He held up the dried piece of his ear reverently.

"And what do you want me to do with it, Uncle Ben?" Custis asked seriously.

"Nuttin right now, sah. But I ain't got long ter live—"

"Oh, you'll be well in a few days, Uncle Ben."

"I mought an' den agin I moughtent. I been lyin' awake at night worryin' 'bout dat year o' mine. Ye see hit wouldn't do tall fur me ter go walkin' dem golden streets up dar in Heben wid one o' my years lopped off lake a shoat er a calf dat's been branded. Some o' dem niggers standin' on dat gol' sidewalk would laugh at me. An' dat would hurt my feelin's. Some smart Aleck would be sho ter holler, 'Dar come ole Ben. But he ain't got but one year!' Dat wouldn't do, tall, sah."

Phil bit his lips to keep from laughing. He saw the thing was no joke for the old man. It was a grim tragedy.

"What I wants ter axe, Marse Custis, is dat you promise me faithful, ez my young master, dat when I die you come to me, get dis year o' mine outen dis salt box an' stick hit back right whar it b'long 'fore dey nail me up in de coffin. I des can't 'ford ter walk down dem golden streets, 'fore all dat company, wid a piece er my year missin'. Will ye promise me, sah?"

Custis grasped the outstretched hand and clasped it.

"I promise you, Uncle Ben, faithfully."

"Den hit's all right, sah. When a Lee make a promise, hit's des ez good ez done. I know dat case I know who I'se er talkin' to."

He placed the piece of gristle back into the tin can, covered it with salt, tied the linen cover over it carefully, put it back on the shelf, locked the heavy oak door and handed Custis the key.

"I got annudder key. You keep dat one, please, sah."

Custis and Phil left the old man more cheerful than he had been for days.

CHAPTER VII

As the sun was sinking across the gray waters of the river, reflecting in its silver surface a riot of purple and scarlet, the master of Arlington sat in thoughtful silence holding the fateful Book of the Slave in his hand. He had promised his friend, Edmund Ruffin, to give him an answer early next week as to a public statement.

He was puzzled as to his duty. To his ready protest that he was not a politician his friend had instantly replied that his word would have ten times the weight for that reason. So deep was his brooding he did not notice the two boys in a heated argument at the corner of the house.

Robbie Lee had drawn his barefoot friend, John, thus far. He had balked and refused to go farther.

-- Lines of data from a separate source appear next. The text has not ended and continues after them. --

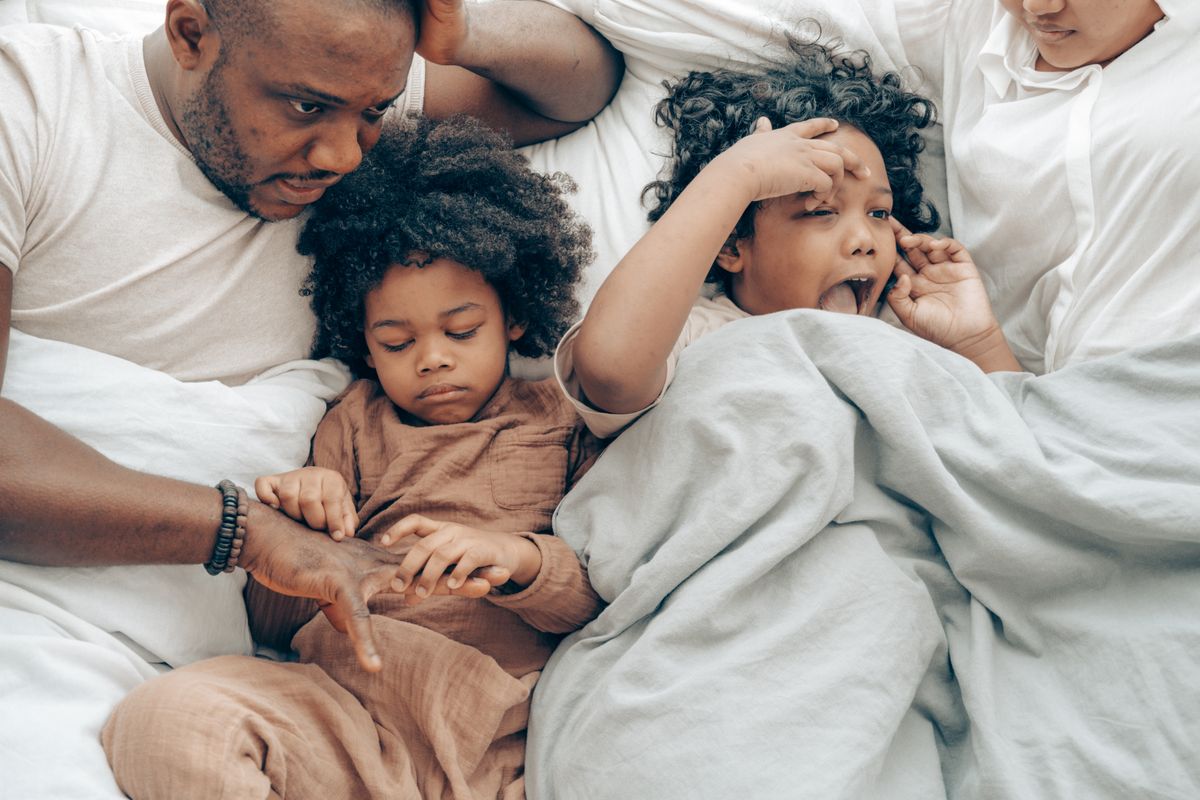 Photo by Ketut Subiyanto on Pexels Von oben: glückliche kleine ethnische Mädchen, die ihre Eltern kuscheln, während sie morgens gemeinsam im Bett liegen – Foto von Ketut Subiyanto auf Pexels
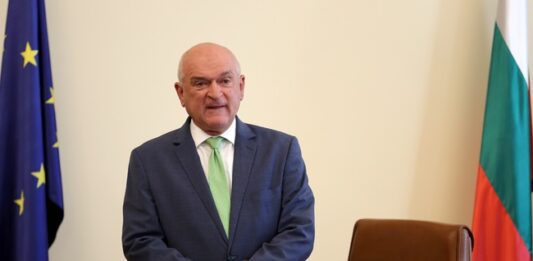 В Брюксел премиерът Димитър Главчев ще участва в Срещата на върха между ЕС и Съвета за сътрудничество в Персийския залив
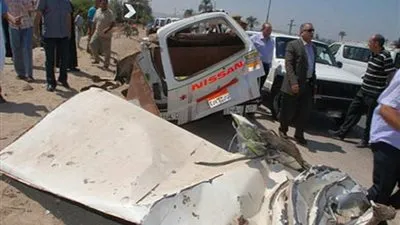 إصابة 8 عمال إثر تصادم سيارتين بطريق 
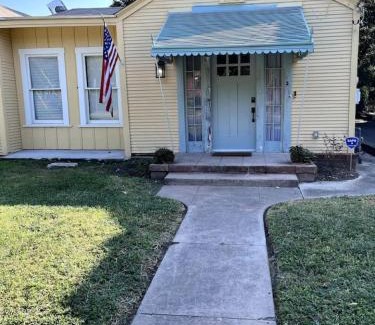 Monte Vista House | Southern Comfort 4 Bedroom Cottage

"Come on, John," Robbie pleaded.

"I'm skeered."

"Scared of what?"

"Colonel Lee."

"Didn't you come to see him?"

"I thought I did."

"Well, didn't ye?"

"Yes."

"Come on, then!"

"No—"

"What you scared of him for?"

"He's a great man."

"But he's my Papa."

"He don't want to be bothered with little boys."

"Yes, he does, too. He hears everything I've got to say to him."

"Ain't you skeered of him?"

"No!"

Robbie seized John's hand again and before he could draw back dragged him to his father's side.

Lee turned the friendliest smile on John's flushed face and won his confidence before a word was spoken.

"Well, Robbie, what's your handsome little friend's name?"

"John Doyle, Papa."

"Your father lives on the farm just outside our gate, doesn't he?"

"Yessir," the boy answered eagerly.

His embarrassment had gone. But it was hard to begin his story. It had seemed easy at first, the need was so great. Now it seemed that he had no right to make the request he had in his heart.

He hung his head and dug his big toe in the gravel.

Robbie hastened to his rescue.

"John wants to tell you something, Papa," he began tenderly.

"All right," Lee cheerfully answered as he drew one boy within each arm and hugged them both. "What can I do for you, Johnnie?"

"I dunno, sir. I hope you can do somethin'."

"I will, if I can. I like to do things for boys. I was a little boy once myself and I know exactly how it feels. What is it?"

Again the child hesitated.

Lee studied the lines of his finely molded face and neck and throat. A handsomer boy of ten he had never seen. He pressed his arm closer and held him a moment until he looked up with a tear glistening in his blue eyes.

"Tell me, sonny—"

"My Ma's been cryin' all day, sir, and I want to do somethin' to help her—"

He paused and his voice failed.

"What has she been crying about?"

"We've lost our home, sir, and my daddy's drunk."

"You've lost your home?"

"Yessir. The sheriff come this mornin'. And he's goin' to put us out.
Ma's most crazy. I ain't been a very good boy here lately—"

"No?"

"No, sir. I've been runnin' away and goin' fishin' and hurtin' my Ma's feelin's and now I wish I hadn't done it. I heard her sayin' this mornin' while she wuz cryin', that you wuz the only man she knowed on earth who could help us. She was afeared to come to see you. And I slipped out to tell ye. I thought if I could get you to come to see us, maybe you could tell Ma what to do and that would make up for my hurtin' her so when I run away from my lessons this week."

The Colonel gently pressed the boys away and rose with quick decision.

"I'll ride right up, sonny, and see your mother."

"Will you, Colonel Lee?" the child asked with pathetic eagerness.

"Just as soon as I can have my horse saddled."

Lee turned abruptly into the house and left the boy dazed. He threw his arms around Robbie, hugged him in a flash and was gone. Up the dusty way to the gate the little bare feet flew to tell glad tidings to a lonely woman.

She stood beside the window looking out on the wreck of her life in a stupor of wordless pain. She saw her boy leap the fence as a hound and rushed from the house in alarm to meet him.

He was breathless, but he managed to gasp his message.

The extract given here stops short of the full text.